→ Task brief
Return exactly the lines of the records below, starting at the line that contains "1 Year KRW USD" and ending at the line that contains "如何對抗廣州近期的潮濕天氣？", with both of those lines kept.

→ Excerpted data
- - -

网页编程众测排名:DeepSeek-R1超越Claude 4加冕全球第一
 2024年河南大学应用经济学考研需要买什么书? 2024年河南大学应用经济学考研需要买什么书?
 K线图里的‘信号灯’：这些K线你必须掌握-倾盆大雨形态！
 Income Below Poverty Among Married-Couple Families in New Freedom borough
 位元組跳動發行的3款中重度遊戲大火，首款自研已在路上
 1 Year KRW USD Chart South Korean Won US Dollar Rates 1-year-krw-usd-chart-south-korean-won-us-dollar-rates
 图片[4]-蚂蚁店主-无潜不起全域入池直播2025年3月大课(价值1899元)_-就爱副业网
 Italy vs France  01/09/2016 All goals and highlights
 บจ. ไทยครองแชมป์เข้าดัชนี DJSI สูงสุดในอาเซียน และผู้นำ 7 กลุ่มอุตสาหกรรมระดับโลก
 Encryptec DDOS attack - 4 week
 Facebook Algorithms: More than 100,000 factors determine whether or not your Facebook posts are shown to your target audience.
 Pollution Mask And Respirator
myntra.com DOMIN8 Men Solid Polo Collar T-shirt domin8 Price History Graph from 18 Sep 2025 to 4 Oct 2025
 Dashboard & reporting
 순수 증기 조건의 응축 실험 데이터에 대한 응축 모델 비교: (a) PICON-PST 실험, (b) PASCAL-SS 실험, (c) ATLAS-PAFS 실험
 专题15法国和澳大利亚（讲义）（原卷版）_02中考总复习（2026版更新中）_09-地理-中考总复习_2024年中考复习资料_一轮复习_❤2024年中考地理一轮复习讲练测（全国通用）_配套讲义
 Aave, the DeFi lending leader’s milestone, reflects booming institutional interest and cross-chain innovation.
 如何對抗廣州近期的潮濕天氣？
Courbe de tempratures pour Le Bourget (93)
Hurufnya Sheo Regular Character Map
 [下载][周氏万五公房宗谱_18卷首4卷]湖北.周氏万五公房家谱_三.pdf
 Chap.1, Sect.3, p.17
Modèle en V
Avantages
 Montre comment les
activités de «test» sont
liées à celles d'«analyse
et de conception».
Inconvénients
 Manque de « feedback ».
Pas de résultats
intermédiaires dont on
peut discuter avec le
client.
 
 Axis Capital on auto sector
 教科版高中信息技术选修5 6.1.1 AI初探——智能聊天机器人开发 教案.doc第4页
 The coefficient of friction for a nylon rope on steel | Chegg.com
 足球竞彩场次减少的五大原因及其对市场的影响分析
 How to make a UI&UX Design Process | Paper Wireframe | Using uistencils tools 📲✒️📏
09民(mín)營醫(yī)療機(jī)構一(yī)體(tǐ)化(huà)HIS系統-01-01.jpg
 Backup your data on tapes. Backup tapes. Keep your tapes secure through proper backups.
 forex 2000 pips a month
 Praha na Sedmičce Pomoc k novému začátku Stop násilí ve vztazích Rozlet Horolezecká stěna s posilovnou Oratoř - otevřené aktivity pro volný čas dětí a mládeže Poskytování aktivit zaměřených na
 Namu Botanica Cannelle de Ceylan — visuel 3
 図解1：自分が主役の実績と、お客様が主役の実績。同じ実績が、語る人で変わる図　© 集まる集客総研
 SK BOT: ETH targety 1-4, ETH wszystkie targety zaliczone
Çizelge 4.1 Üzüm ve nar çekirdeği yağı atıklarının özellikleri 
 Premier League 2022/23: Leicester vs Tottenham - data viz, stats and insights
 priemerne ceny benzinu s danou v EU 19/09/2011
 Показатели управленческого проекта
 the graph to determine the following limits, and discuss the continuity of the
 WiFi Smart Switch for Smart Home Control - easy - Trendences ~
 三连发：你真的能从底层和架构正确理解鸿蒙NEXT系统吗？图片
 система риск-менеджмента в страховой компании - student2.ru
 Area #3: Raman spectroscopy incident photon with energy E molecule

- - -

→ Answer to the exercise
 1 Year KRW USD Chart South Korean Won US Dollar Rates 1-year-krw-usd-chart-south-korean-won-us-dollar-rates
 图片[4]-蚂蚁店主-无潜不起全域入池直播2025年3月大课(价值1899元)_-就爱副业网
 Italy vs France  01/09/2016 All goals and highlights
 บจ. ไทยครองแชมป์เข้าดัชนี DJSI สูงสุดในอาเซียน และผู้นำ 7 กลุ่มอุตสาหกรรมระดับโลก
 Encryptec DDOS attack - 4 week
 Facebook Algorithms: More than 100,000 factors determine whether or not your Facebook posts are shown to your target audience.
 Pollution Mask And Respirator
myntra.com DOMIN8 Men Solid Polo Collar T-shirt domin8 Price History Graph from 18 Sep 2025 to 4 Oct 2025
 Dashboard & reporting
 순수 증기 조건의 응축 실험 데이터에 대한 응축 모델 비교: (a) PICON-PST 실험, (b) PASCAL-SS 실험, (c) ATLAS-PAFS 실험
 专题15法国和澳大利亚（讲义）（原卷版）_02中考总复习（2026版更新中）_09-地理-中考总复习_2024年中考复习资料_一轮复习_❤2024年中考地理一轮复习讲练测（全国通用）_配套讲义
 Aave, the DeFi lending leader’s milestone, reflects booming institutional interest and cross-chain innovation.
 如何對抗廣州近期的潮濕天氣？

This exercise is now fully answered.